I graduated Boston's North Bennet Street School about a year ago. I spent some time in a shop with other woodworkers, and moved out last July, and opened the doors of James Watriss Designs last August. The first few months were spent in getting set up, and working around delays in getting set up, and now the shop is ready, and it's time to bring the word to the people. I'm in business!

About the woodwork:

North Bennet Street School (NBSS from here on) is a very intense place to go to school, with emphasis on hand skills, machine know-how, and not settling for simple, boring work. I have a passion for beautiful wood, and fine design, but the fuel for the fire lies in the design process, and figuring out how to get all the elements to come together in the shop. Cutting dovetails is fun, fitting joinery together is rewarding, but no two projects are ever the same, and every one is a puzzle.

North Bennet taught me several things, but the most important lesson I came away with was this: A good artisan makes the best use of any tool at his disposal. Anyone can push wood across a table saw. And as technology has advanced, it's been shown that anyone can push a button on a CNC machine, too. But not everyone can come up with an idea worth building, or replicating. And not everyone can design a process to bring that idea into the living, breathing, material world. Automated and powered tools have demonstrated the ability to duplicate, but not necessarily to create, or to have an eye for art. It's equally possible for someone to make ugly, misshapen things on a CNC machine, with equal speed. It takes more than production capacity to make something beautiful.

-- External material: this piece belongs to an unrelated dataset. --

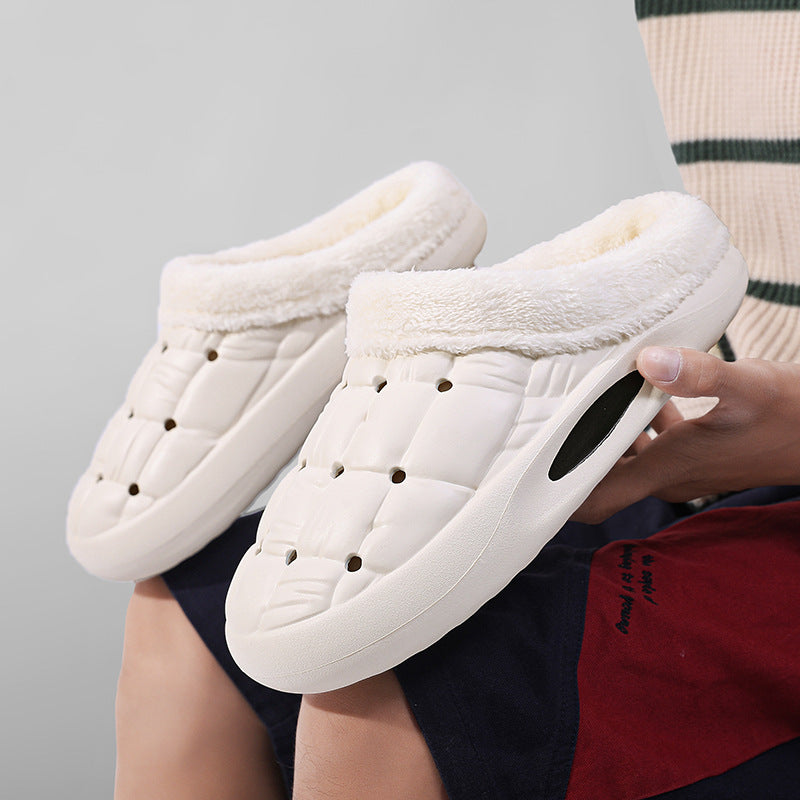 MEN'S COMFORTABLE FLEECE-LINED CASUAL/OUTDOOR SHOES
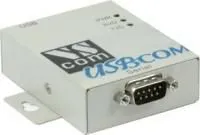 USB-COM-Si-M, 1-портовый преобразователь USB в RS-232 с гальванической изоляцией, крепление на DIN-рейку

About my writing, and desire to teach:

I can expound at length about the deficiencies of modern education in the US. I can offer opinions on our ability as a country to produce some of the highest level technology in the world, and our inability to produce a comparable number of trained and competent engineers. I can lament the downfall of shop and art classes in schools, and the inevitable lack of hands-on learning that has resulted. Mathematics is taught in a vacuum, separate from the Physical Sciences that math was designed to describe and explain. And science in schools has been placed paradoxically in opposition to faith.

All of these are reasons to be concerned, but discontent and despair are not reasons to teach. There's really only one reason that makes sense, and matters to me:

Woodworking is fun. And the process of making things is rewarding.

Evolution has gifted us with a brain, and opposable thumbs, and an inherent desire to create and make tools. It doesn't matter if you're renovating your house, or working with napkins and sugar packets to take the tip out of a cafe table: The ability to work with our hands is the grace that allows us to improve our lives, and make our world a better place. Thousands of years ago, humankind started with rocks and fire, and learned how to make metal. Now we have airplanes and cell phones and skyscrapers and computers. Maybe you're the next Frank Lloyd Wright. Or maybe you're just trying to get the silverware drawer in your kitchen to slide smoothly. There's something satisfying about working with your hands, especially when it can make your day to day life a little bit better.

But not everyone knows how. Many of us were taught that some of the most fundamental implements, and anything with a sharp edge, are not useful; they're scary and dangerous and have no place in schools. There's a dearth of information, and a fair amount of disinformation. (Boy is that an oxymoron) And that's getting in the way of people doing things that are fun and rewarding.

I want to change that.



Hyperbole and lovely rhetoric are all fine and good, but for the purposes of this blog, this is only day one. There's a lot to do, and a lot to write, and while I could do this all day, I have work to get done.

It's now 10:28 on a Wednesday, and I'm signing off.